The h5py.h5r.dereference function seems pretty unhelpful here, despite the name. It returns the ID of the referenced object. This can be read from directly, but it's very easy to cause a crash in this case (I did it several times in this contrived example here). Getting the name and reading from that is much easier.

Note 2:

As stated in the release notes for h5py 2.1, the use of Dataset.value property is deprecated and should be replaced by using mydataset[...] or mydataset[()] as appropriate.

The property Dataset.value, which dates back to h5py 1.0, is deprecated and will be removed in a later release. This property dumps the entire dataset into a NumPy array. Code using .value should be updated to use NumPy indexing, using mydataset[...] or mydataset[()] as appropriate.

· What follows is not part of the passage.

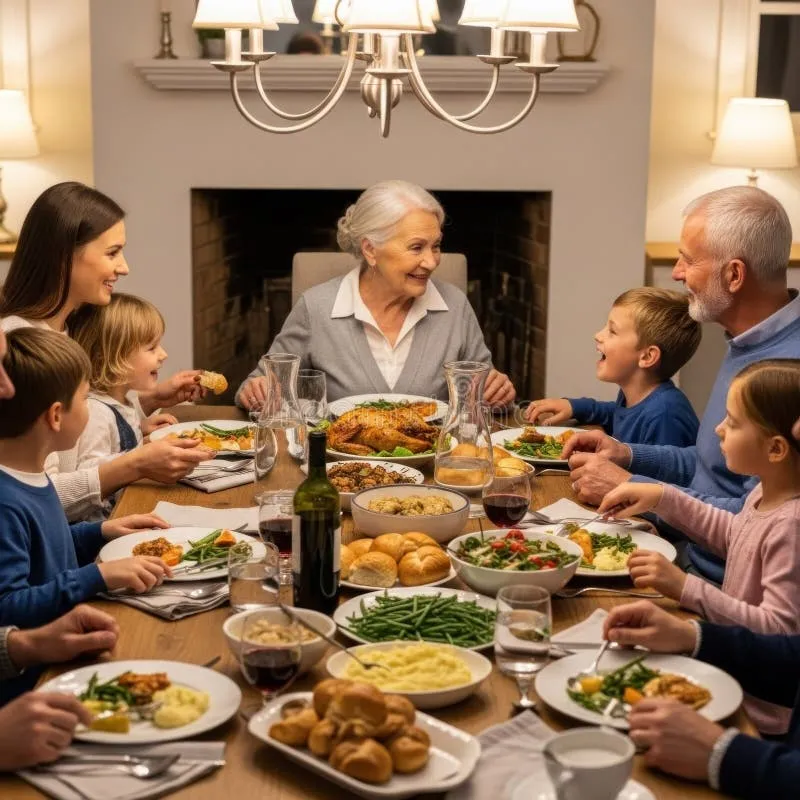 Coming Home Shouldn't Be a Gamble: Rebuilding the Promise Michigan Made to Its Families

I'm trying that but I still get the same `HDF5 object reference` when I print the `data` variable — e9e9s, Oct 13 '17 at 15:35
Ahh, I think I know what's going on. The dataset you're trying to load is actually made up of HDF5 references. It's not numerical data. You can verify this by doing `h5ls` or `h5dump` on the file. In this case, I don't know how you can read from the referenced dataset in `h5py`. — bnaecker, Oct 13 '17 at 15:38
It looks like you can use the `h5py.H5R` module to dereference the dataset. Can you try: `h5py.h5r.dereference(hf['dataset_name'])`? — bnaecker, Oct 13 '17 at 15:42
When I try that, I get this error message `TypeError: dereference() takes exactly 2 positional arguments (1 given)` — e9e9s, Oct 13 '17 at 15:46
When I list the keys by doing `with h5py.File('path/to/file, 'r') as hdf: ls = list(hdf.keys()) print('List of datasets in this file: \n', ls)` I get `List of datasets in this file: ['#refs#', 'data_set']` Not sure if this would help or not — e9e9s, Oct 13 '17 at 15:48
I'm still unable to read the `HDF5 object reference`. Sorry but I can't see how your example is relevant to my question. I've been trying for days and will post an answer here so others don't have to go through this. — e9e9s, Oct 17 '17 at 14:08
You can use the name of the referenced object to access it directly in the file, which is the relevance of my answer to your question. But Pierre de Buyl's answer is actually easier. — bnaecker, Oct 18 '17 at 05:28

score 8 · Answer 2 · answered Feb 02 '18 at 02:05

8

Here is a direct approach to read hdf5 file as a numpy array:

import numpy as np
import h5py

hf = h5py.File('path/to/file.h5', 'r')
n1 = np.array(hf["dataset_name"][:]) #dataset_name is same as hdf5 object name 

print(n1)

answered Feb 02 '18 at 02:05

spate

81
1
2

ArcherEX · Answer 3 · 2018-06-11T14:50:55.907

h5py provides intrinsic method for such tasks: read_direct()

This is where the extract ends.